The Red Sparrow Atomic Blonde problem
Red Sparrow should be seen – love it or hate it – because it’s an albatross, a Hollywood film that cast major stars (Jennifer Lawrence, Joel Edgerton, Jeremy Irons), found major studio backing, and breached the exploitation genre at your local multiplex. I’m quite sure the film will continue to inspire both awe and ire among critics and viewers. That Red Sparrow draws from so many different sources of inspiration should eventually lead to at least a re-evaluation of the film among genre fans.
This is not the world Atomic Blonde, the film I believe most viewers anticipated when buying a ticket for Red Sparrow. Lacking a 1980’s gloss, familiar chart-toppers or a cathartic release in the trappings of action cinema, Lawrence’s film relies on low-lying suspense (and a subtle but effective score from James Newton Howard) – how is Dominika manipulating these men to extricate herself from this unwanted life? Likewise, the ending relies on a slight bit of misdirection, but one I found quite satisfying in light of the torture and degradation she suffers along the way. Where Atomic Blonde is a mildly amusing pop-culture pastiche, Red Sparrow digs deeper into genre and unsettling imagery that plays like a minor-key Female Prisoner 701 and forces us to consider the more unsavory baggage that goes along with the male gaze in cinema.

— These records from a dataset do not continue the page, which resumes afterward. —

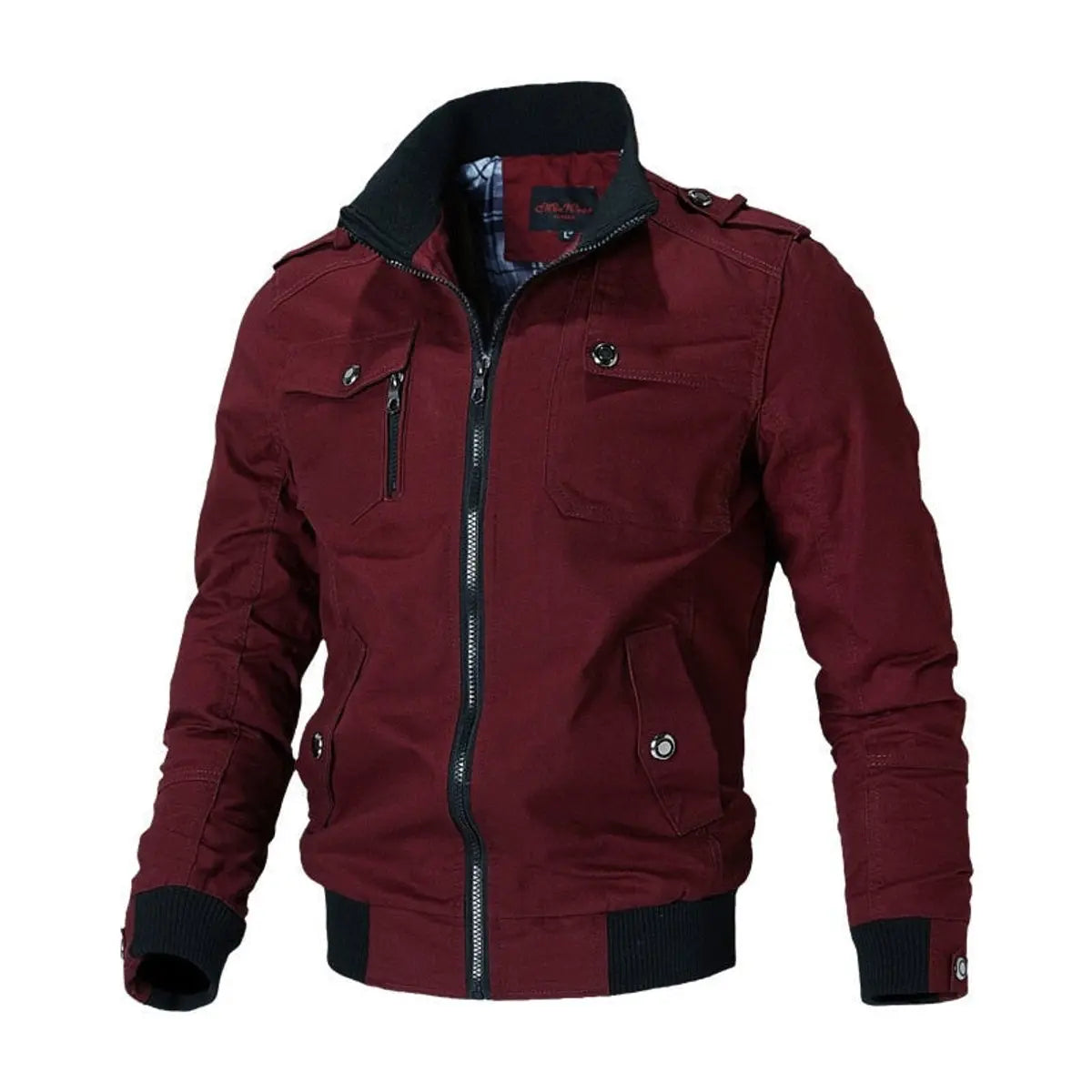 Chaqueta bomber para hombre de estilo militar, con múltiples bolsillos y cierre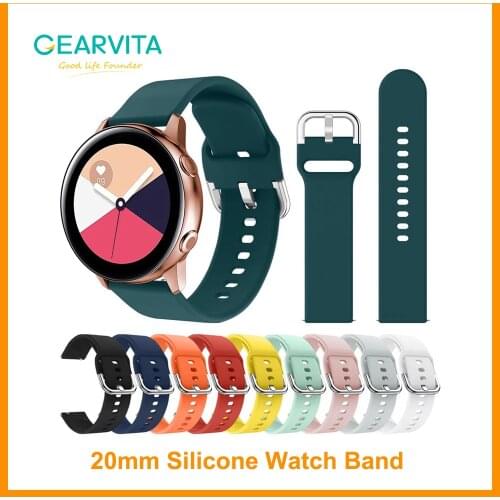 20mm Silicone Watch Band Watch For Huawei GT2 42mm/Samsung Galaxy Watch/Garmin Venu For Xiaomi Smart Watch Accessories Strap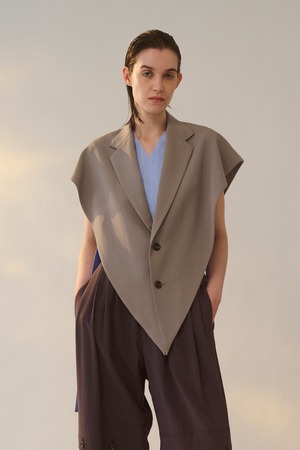 V Cut 2BS Vest / ﾜｯｼｬｰ加工高密度ｷﾞｬﾊﾞｼﾞﾝ / U732-V03-100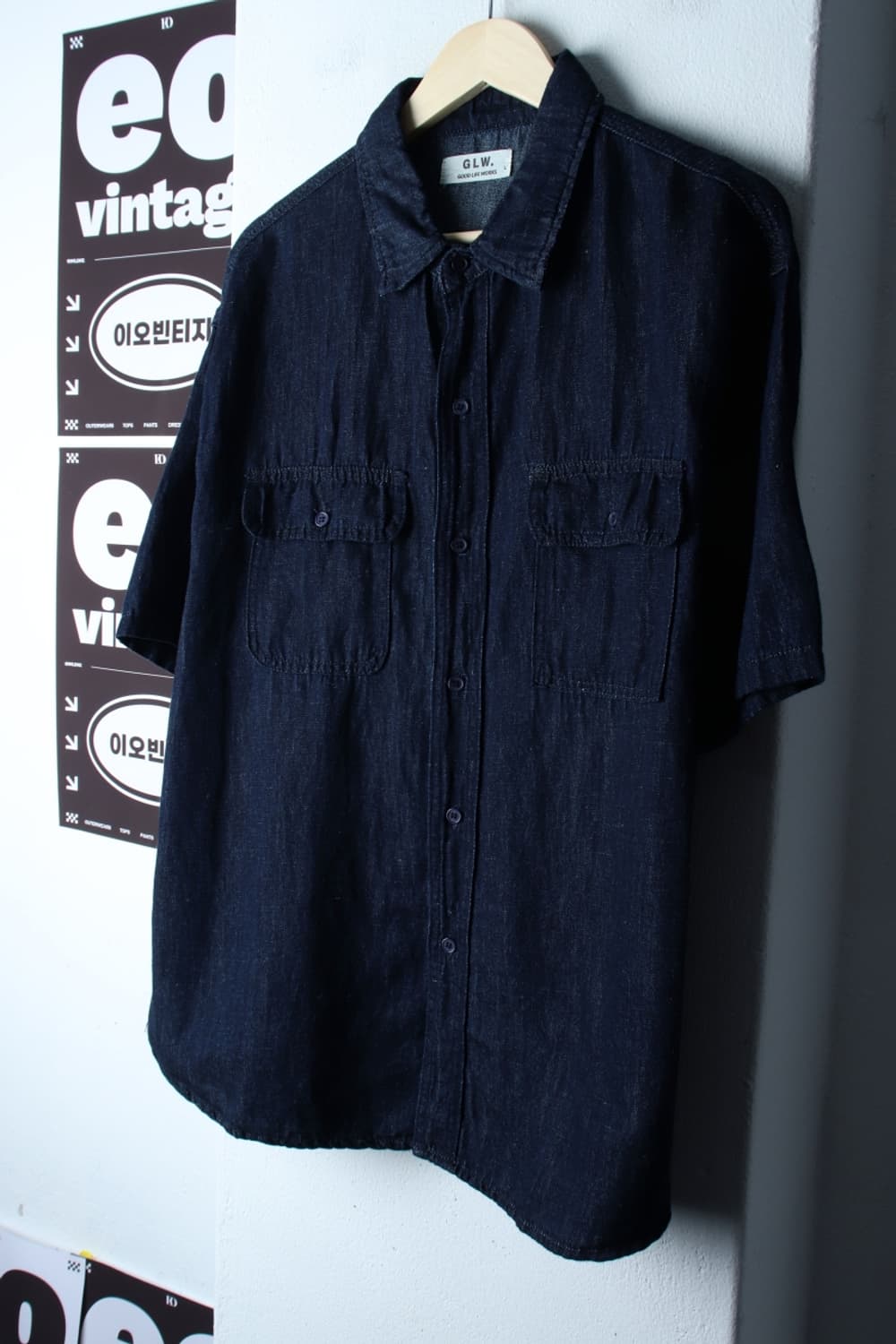 (L-XL) 굿라이프웍스 반팔 카라 티셔츠 셔츠 남방 데님-H32745 상품이미지1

And what of Francis Lawrence’s ultimate success in handling the material? The opening ballet sequence teased hints of Kubrick – prolonged dolly shots, slow camera movement, long takes. Having just recently watched A Clockwork Orange again for the Cinema Shame podcast, I couldn’t help but note similarities between the way the films were shot, but also the handling of rape, sexual perversion and violence against women.
Critically wayward
It’s no profundity to suggest that Kubrick handled it with far more nuance, but Lawrence offers a measure of competency. Though not a full recommendation, I’ll call them accolades with reservation. Despite the graphic nature of the film, it still relies on an espionage framework most associated with a John le Carré spy film – plodding realism, miles of subtext, and conversational narrative advancement – and this is where Lawrence succeeds. This pacing will automatically turn away a broader audience. The director succeeds at building tension while withholding precise character motivations. We can never truly believe Dominika’s commitment to an individual state because her only true allegiance lies with her ailing mother.

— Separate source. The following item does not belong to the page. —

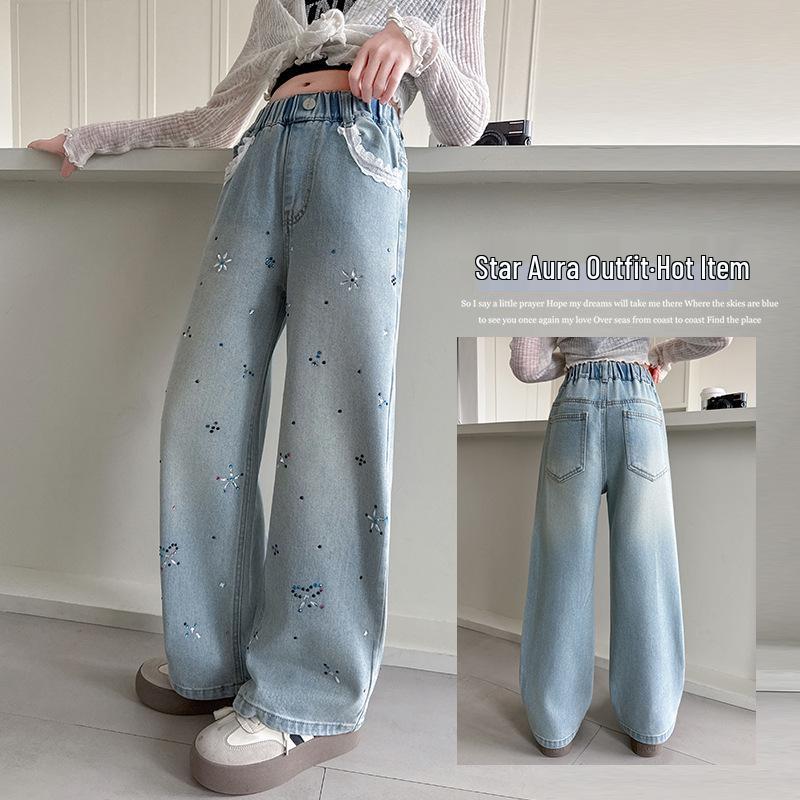 Girls' Wide-Leg Jeans - Summer/Autumn 2025 Style for Big Kids & Middle Schoolers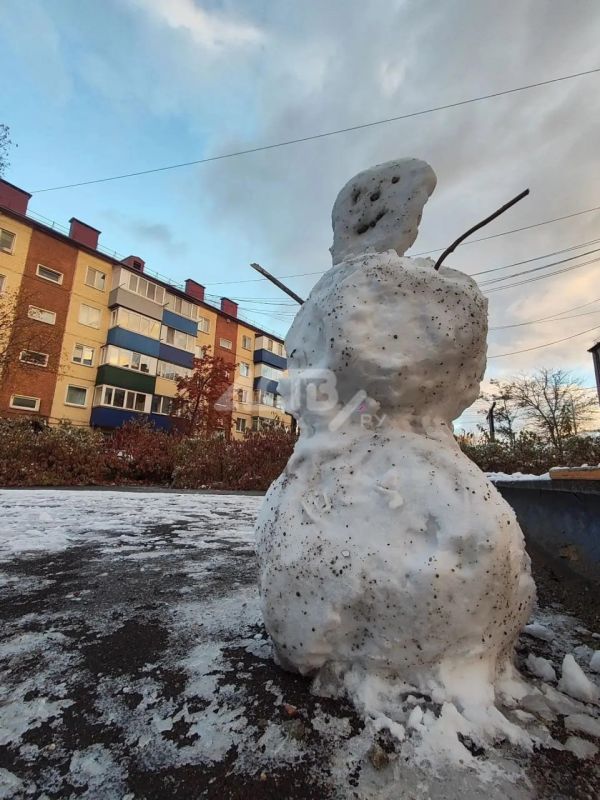 В Южно-Сахалинске появился первый снеговик - до Нового года 62 дня В Южно-Сахалинске появился первый снеговик - до Нового года 62 дня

So who’s left that’s willing to meet this movie on its own terms? It’s no surprise to me that Red Sparrow’s well on its way to becoming a box office dud. Critics, social media, expectations of another Atomic Blonde, Jennifer Lawrence (who’s quite good, by the way) all discouraged the film’s potential audience. The controversial and cold nature of the sexuality on display. Gaping wounds? Bone screws? Jennifer Lawrence spewing nonsense in the press about her boobs, pouring lighter fuel over the incendiary reviews and undermining the strongest elements of the film? More dissuaded viewers.

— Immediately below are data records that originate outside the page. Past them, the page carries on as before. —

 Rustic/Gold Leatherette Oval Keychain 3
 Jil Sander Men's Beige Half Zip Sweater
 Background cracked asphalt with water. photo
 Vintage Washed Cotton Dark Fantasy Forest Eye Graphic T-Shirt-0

This is a patient and occasionally plodding espionage film with controversial exploitation elements that, while imperfect, do add something to the cinematic conversation of violence against women. But this is not mainstream cinema, no matter the flash or pedigree. This is a movie that presents itself as an outsider commenting on and referencing the genre from within. Red Sparrow does not court complacency; it wants to rattle cages. The violent reactions for and against the film show that it was at least successful in that regard. It deserves an audience because it is worth the conversation, no matter your ultimate perspective. Without this conversation, the next generation of Shunya Itōs may never find that balance of exploitation, artistry and nuance. Red Sparrow didn’t quite get there – but in the meantime I’ll celebrate its efforts and try to help it find the receptive, but critical audience it deserves.